Hi Vanda,
Not sure what you're looking for but varchar/nvarchar can be used with fuzzy search as long as you have fulltext index on. That's in the documentation.
If I get this right you're tring to compare the columns of your rows ( one at a time since contains does not allow column value as second parameter). Despite the usage of 'and' on your code (seems like you actually want to combine those with 'or' predicate instead) it looks you got it going. Did I get this wrong?
Seems the scenario could be done with like_regexp as well... not sure if you have looked into that already.

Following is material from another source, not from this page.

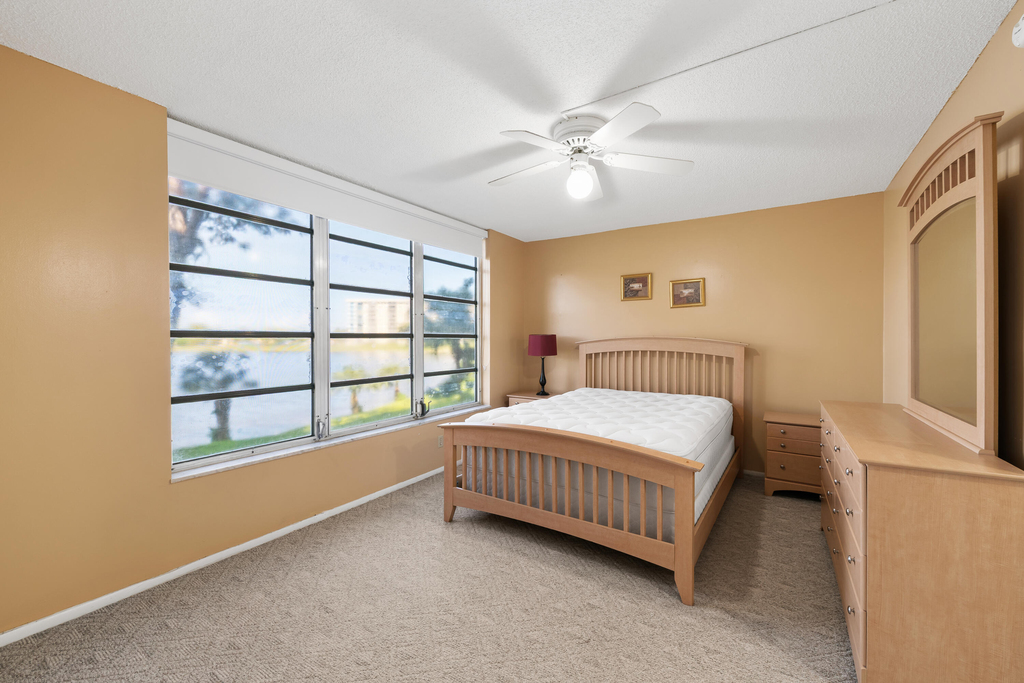 3051 N Course Drive - Photo 16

I tried to build up some data and use your procedure to get the desired results. Sligthly changed it to get there. But honestly I'm not sure this is what you're looking for. This is what I got so far:
drop table population cascade; create column table population ( id integer, maiden varchar(100), last1 varchar(100), last2 varchar(100) ); create fulltext index mindex on population(maiden); create fulltext index l1index on population(last1); create fulltext index l2index on population(last2); insert into population values(1,'Johnson' , 'Smith' ,'Johnson-Smith'); insert into population values(2,'Johnson' , 'Johnson-Smith' ,'Smith' ); insert into population values(3,'Jones' , 'Frank' ,'Jones' ); insert into population values(4,'Anderson', 'Miller' ,'Miller' ); insert into population values(5,'Jenny' , 'Miller' ,'Sanders' ); insert into population values(6,'Susan' , 'Harris' ,'' ); drop table populationtemp; create global temporary table populationtemp ( id integer, maiden varchar(100), last1 varchar(100), last2 varchar(100), score double ); do begin declare cursor cur for select * from population; truncate table populationtemp; for i as cur do insert into populationtemp select *, score() as score from population m where m.id = i.id and -- compare only same id, and optional scenarios (m.last1 <> '' or m.last2 <> '') and -- ignore when last1 or last2 are empty ( contains(m.last1,i.last2, fuzzy(0.8)) or -- last2 contained in last1 contains(m.last2,i.last1, fuzzy(0.8)) or -- last1 contained in last2 contains(m.maiden,i.last1, fuzzy(0.8)) or -- maiden contained in last1 contains(m.maiden,i.last2, fuzzy(0.8)) ); -- maien contained in last2 end for; select * from populationtemp; end;
For the test I got the result below:
ID | MAIDEN | LAST1 | LAST2 | SCORE |
1 | Johnson | Smith | Johnson-Smith | 0.32500001788139343 |
2 | Johnson | Johnson-Smith | Smith | 0.34285715222358704 |
3 | Jones | Frank | Jones | 0.5 |
4 | Anderson | Miller | Miller | 0.7071067690849304 |
I guess it's better for you to elaborate your scenario a bit more. A few sample data, the create statement of your population table and the desired output would possibly help out.
BRs,
Lucas de Oliveira